_Records supplied_
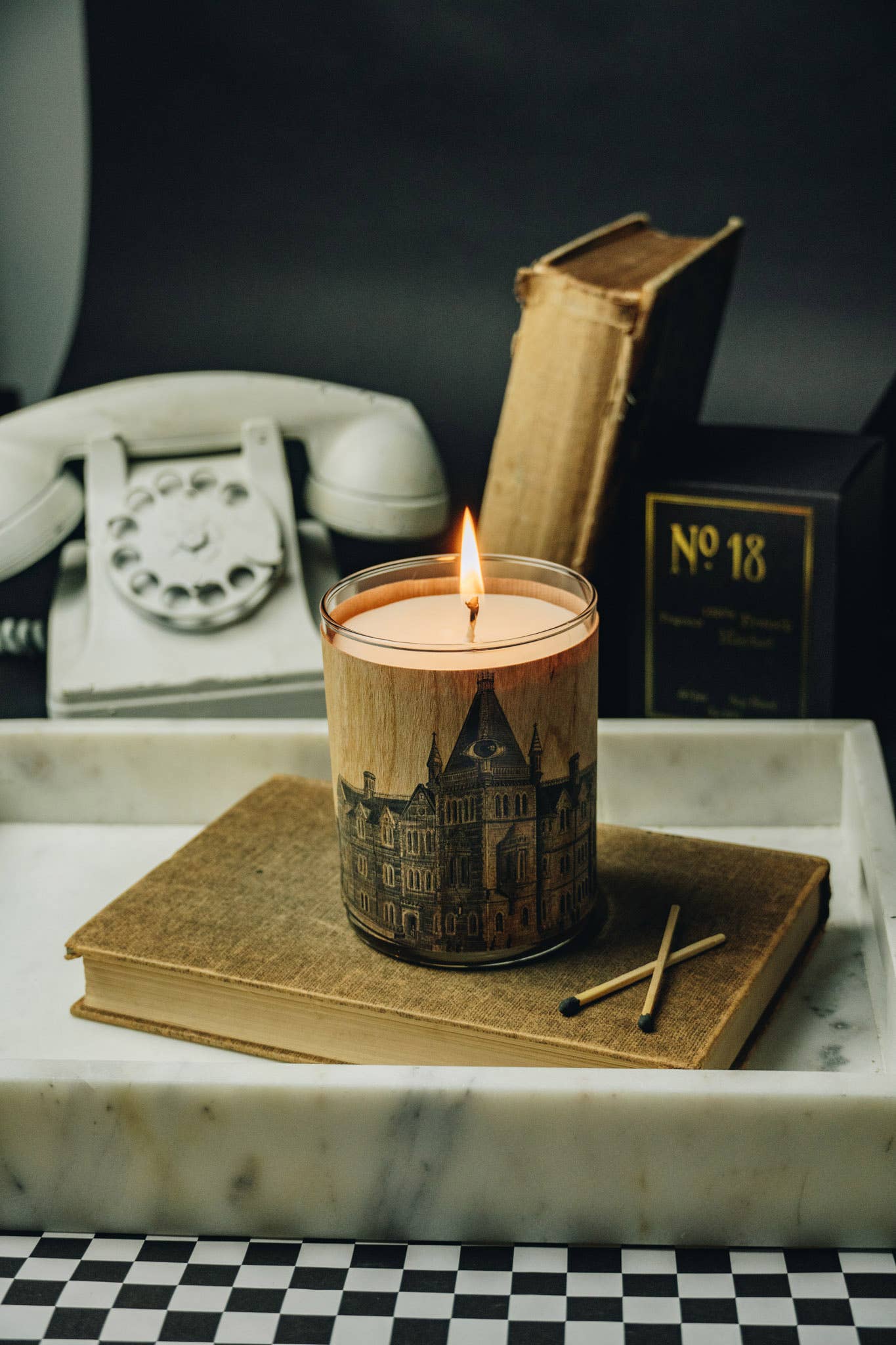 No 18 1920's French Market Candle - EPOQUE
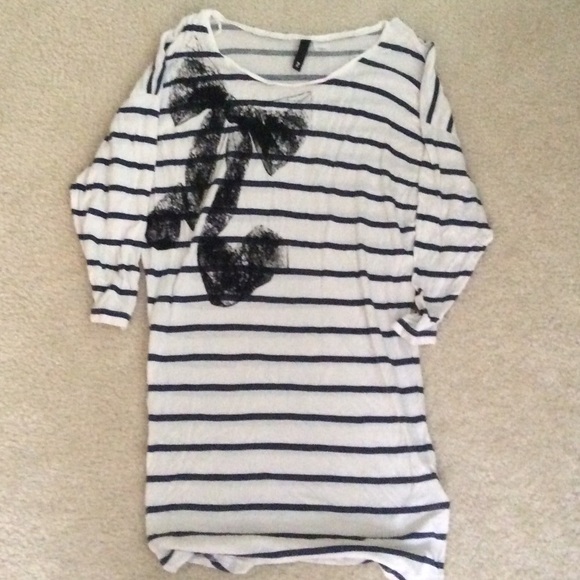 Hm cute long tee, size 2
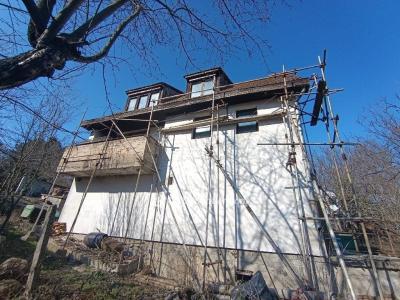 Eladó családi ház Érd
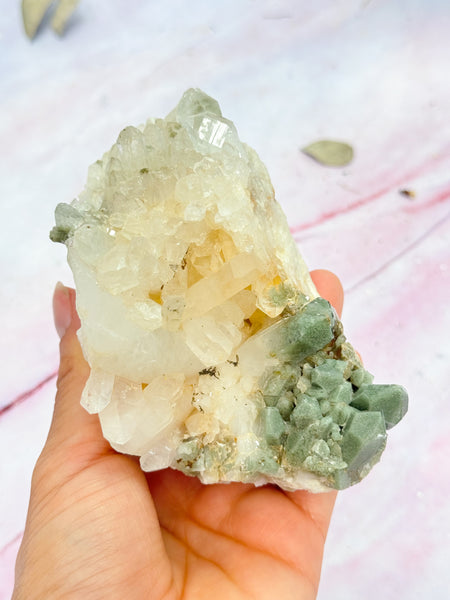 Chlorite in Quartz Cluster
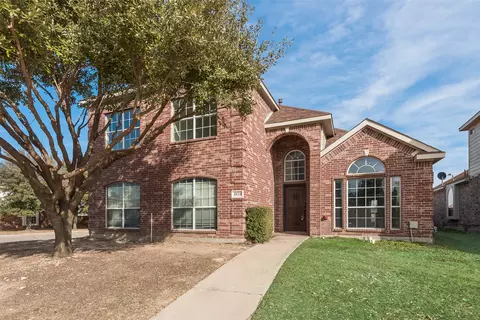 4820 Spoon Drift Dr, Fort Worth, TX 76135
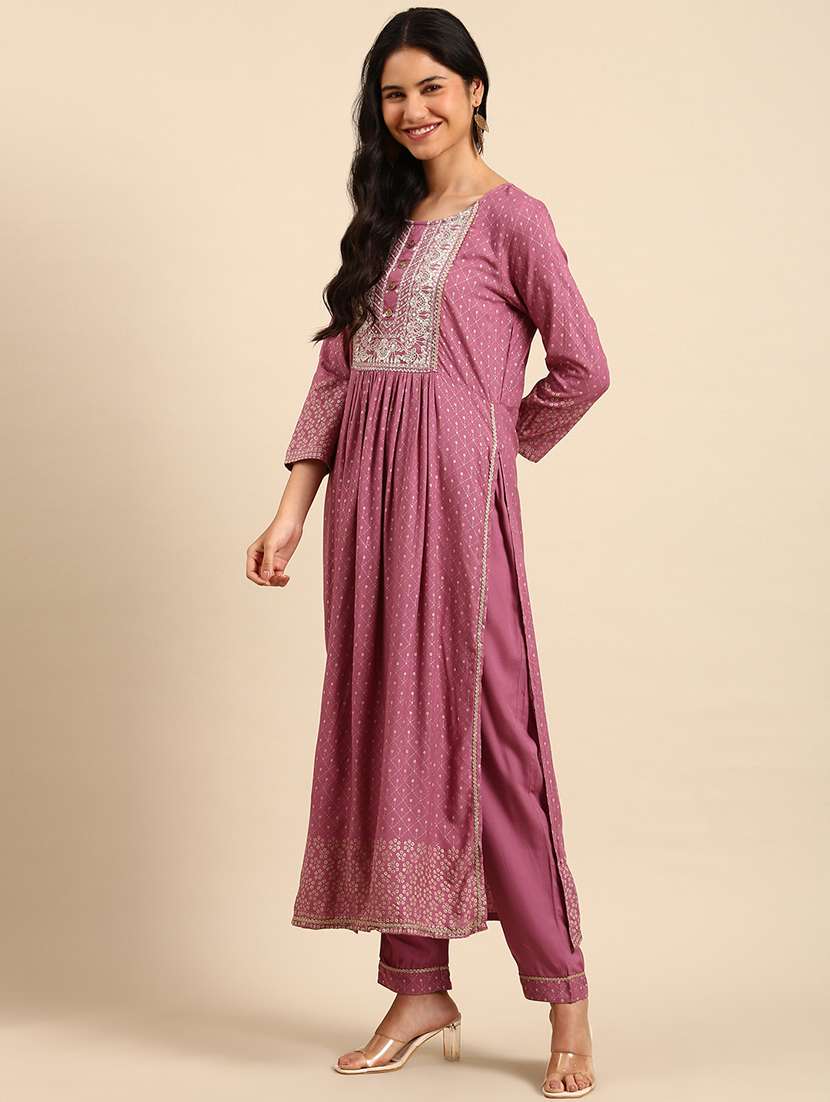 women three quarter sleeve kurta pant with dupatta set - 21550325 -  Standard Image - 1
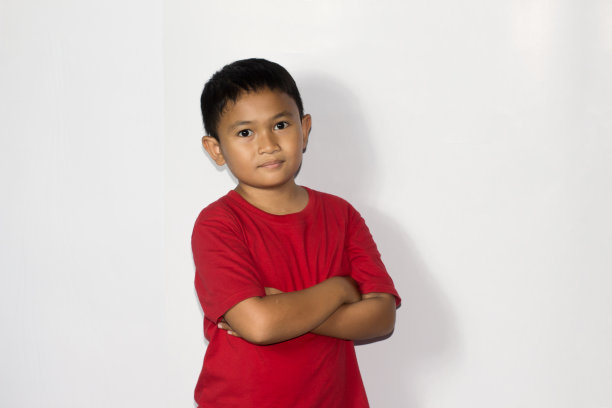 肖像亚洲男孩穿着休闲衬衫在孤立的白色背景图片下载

_Exercise_
Begin with the line that has "Chlorite in Quartz Cluster" and continue to the last line of the entries, printing each line exactly and nothing else; include both ends and skip the pictures.

_Result of the exercise_
 Chlorite in Quartz Cluster
 4820 Spoon Drift Dr, Fort Worth, TX 76135
 women three quarter sleeve kurta pant with dupatta set - 21550325 -  Standard Image - 1
 肖像亚洲男孩穿着休闲衬衫在孤立的白色背景图片下载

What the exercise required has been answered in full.